Belying the superficial tenor of the convention planners is the broad underlying depression of the many attendees I listened to over several days here. Agents and brokers alike have seen many in their ranks suffer and die on the field of economic combat, not so much in competition with other agents as in battle with lenders, appraisers, underwriters, and bureaucrats at HUD, Fannie Mae and Freddie Mac.

Over and over again I was told that, even if you could get a buyer to sign a contract, and even if they appeared to be well-qualified, there was only a 50-50 chance the property would pass the nitpicking home inspection, the low-ball appraisal process, or the loan-approval gantlet. And the likelihood of besting all three was, well, less than it should be.

This factoid should stun all of us: Last year the average applicant for a conventional loan who was rejected or didn’t make it to closing had a FICO score of 732, and an average down payment of 19 percent of the purchase price. For those of you with a lending background, their average debt-to-income ratios were 24 percent housing expense and 41 percent of overall debt service.

Back at the convention, even a special guest appearance from television comedian Jim Belushi seemed out-of-place in this somber environment. The mood was especially poignant when contrasted with previous Realtor conventions.

I will never forget the 1995 Realtors Conference in Atlanta. We were all frantically trying to prepare for the Centennial Olympic Games the following summer, and excitement was in the air! The world was focused on Atlanta, and for all the right reasons.

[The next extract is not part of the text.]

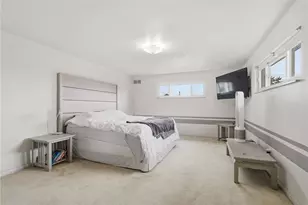224-226 Bower Hill Rd, Pittsburgh, PA 15228 - Photo 39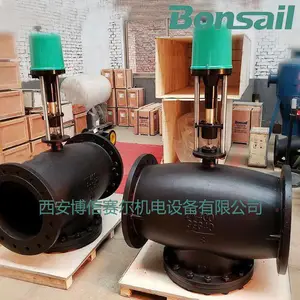 ���Ŷ๦�������綯������ͨ���ڷ� ����������� ���� �����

Times were good then, houses were selling, and agents were making a good living.

In contrast, attendees last week seemed uninspired by the 2012 NAR theme “Discover Your Magic.” The sad truth is that this has been a tough couple of years for the real estate industry, and it may not get much better anytime soon.

The flood of foreclosures seems to be slowing down, but there are so many vacant houses in so many metro Atlanta neighborhoods that it’s hard to tell. Prices are dragging along the bottom and will probably continue to do so until we can absorb some of the bank-owned inventory. And there is no indication that lenders intend to loosen the purse strings anytime in the near future.

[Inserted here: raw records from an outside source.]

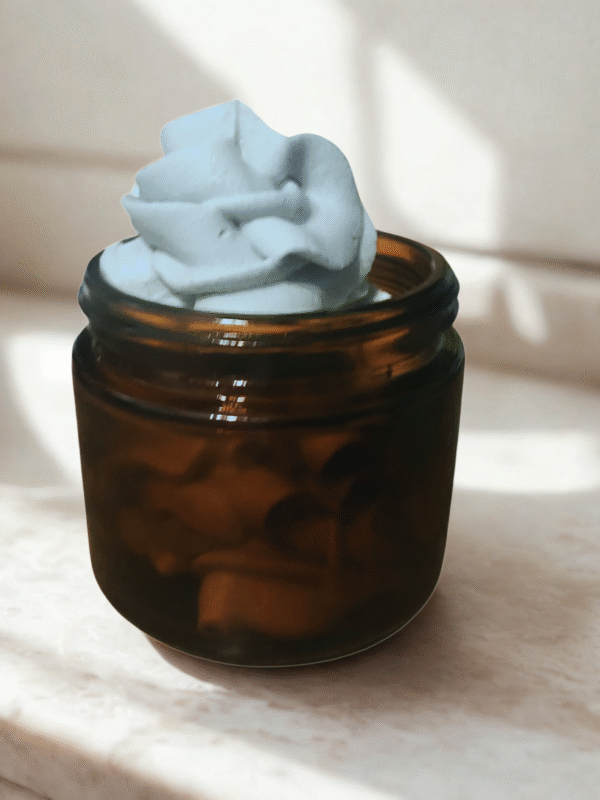 Rustic Collection - Tansey Balm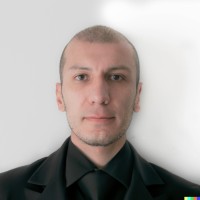 Oscar Caro's profile photo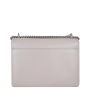 Saint Laurent Sunset Medium Back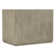 Linville Falls 2 - Drawer File Cabinet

It seems that everyone here knows we are in big economic trouble but no one wants to do anything about it. The national debt hangs over this group like an ominous cloud, threatening to undermine the international strength of our currency, even as the administration continues it’s ham-handed and clumsy approach to helping American homeowners who want, need and deserve a loan modification.

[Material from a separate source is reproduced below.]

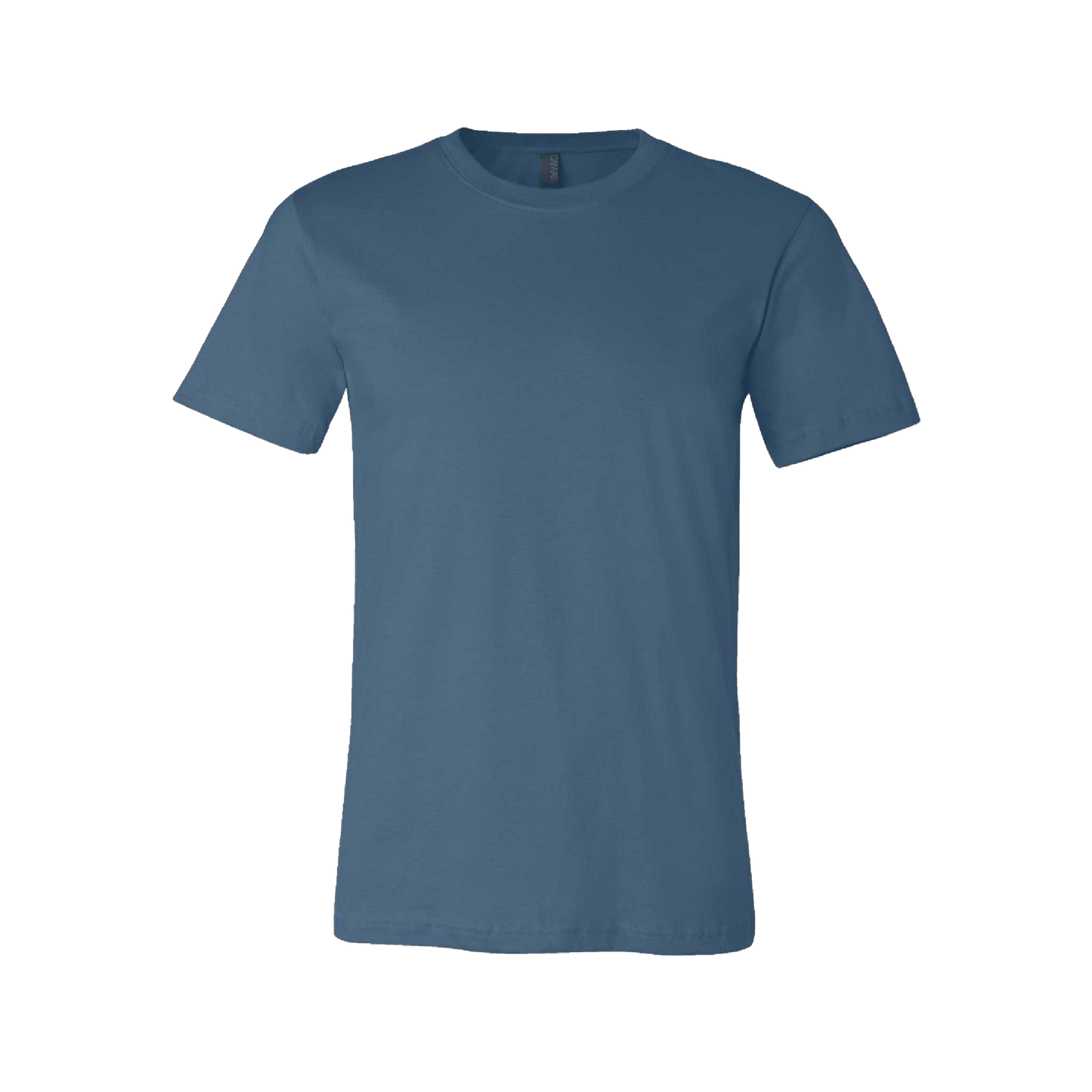 3001.Steel-Blue:X-Large.TCP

I guess I should have started worrying when neither candidate even mentioned housing in the recent presidential debates. And when I ventured to one of the attendees that perhaps we should consider eliminating the mortgage interest deduction as part of an overall approach to tax reform, well, it wasn’t pretty. (I only did that once.)

The expo consisted of lots of agent-branding software packages and solutions, a seemingly endless stream of booths giving away one “iPad mini,” and the usual garden variety of automakers, national lenders and national brokers.

There was little talk of the impending economic catastrophe should our federal government fail to postpone our date with disaster the night of December 31.

So, is this really a great time to buy a house? Yes, I believe it is. And is everything really just fine? We won’t know until January.